> _SOURCE MATERIAL_

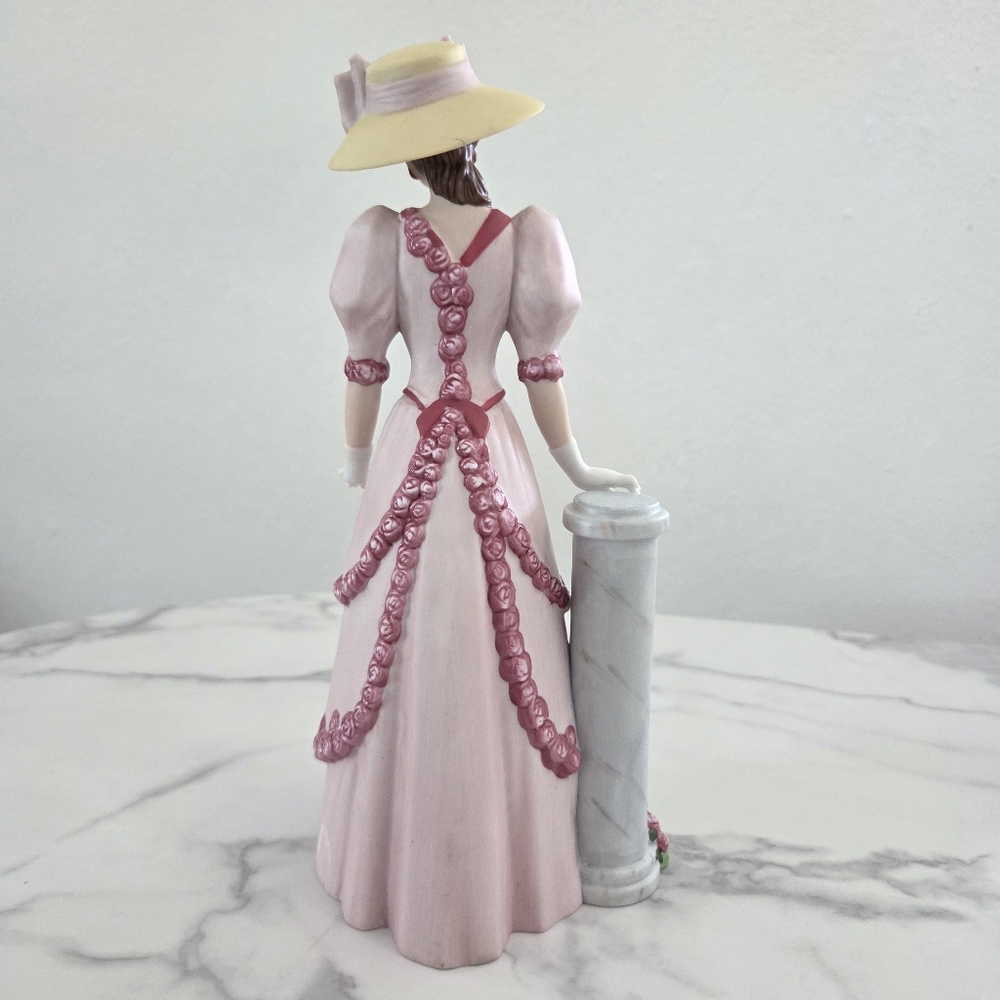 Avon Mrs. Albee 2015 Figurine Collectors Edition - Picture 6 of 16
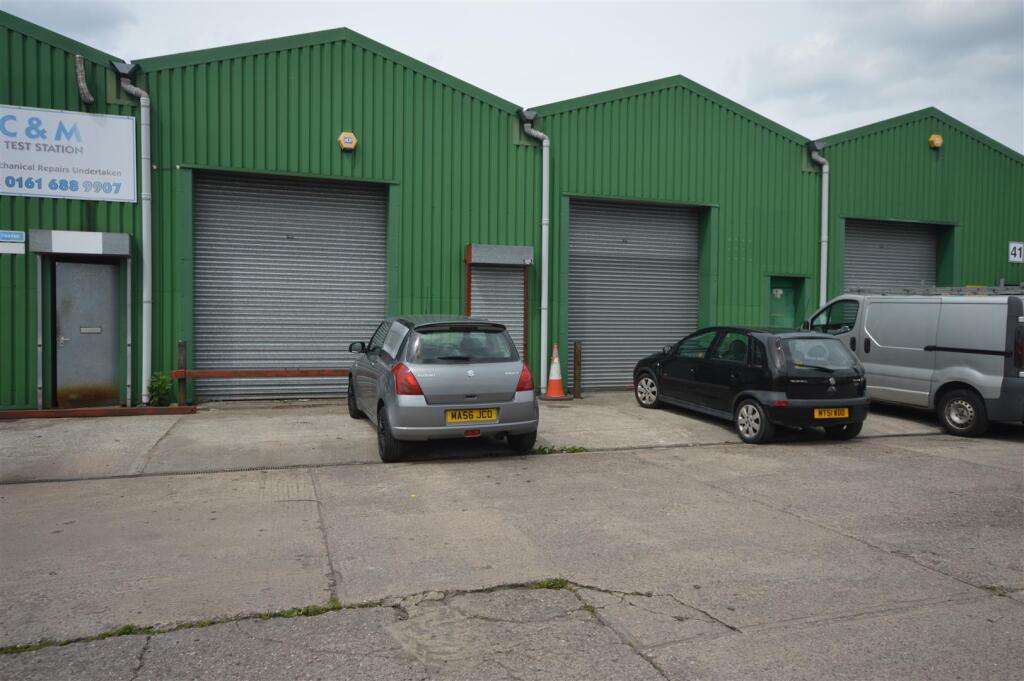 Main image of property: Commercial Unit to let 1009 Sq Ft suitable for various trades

...

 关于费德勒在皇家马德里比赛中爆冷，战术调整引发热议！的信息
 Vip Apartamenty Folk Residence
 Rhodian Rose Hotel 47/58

> _YOUR GOAL_
Produce only the lines from the line containing "Vip Apartamenty Folk Residence" through the line containing "Rhodian Rose Hotel 47/58", inclusive of both, exactly as they stand in the entries above.

> _OUTPUT BELOW_
 Vip Apartamenty Folk Residence
 Rhodian Rose Hotel 47/58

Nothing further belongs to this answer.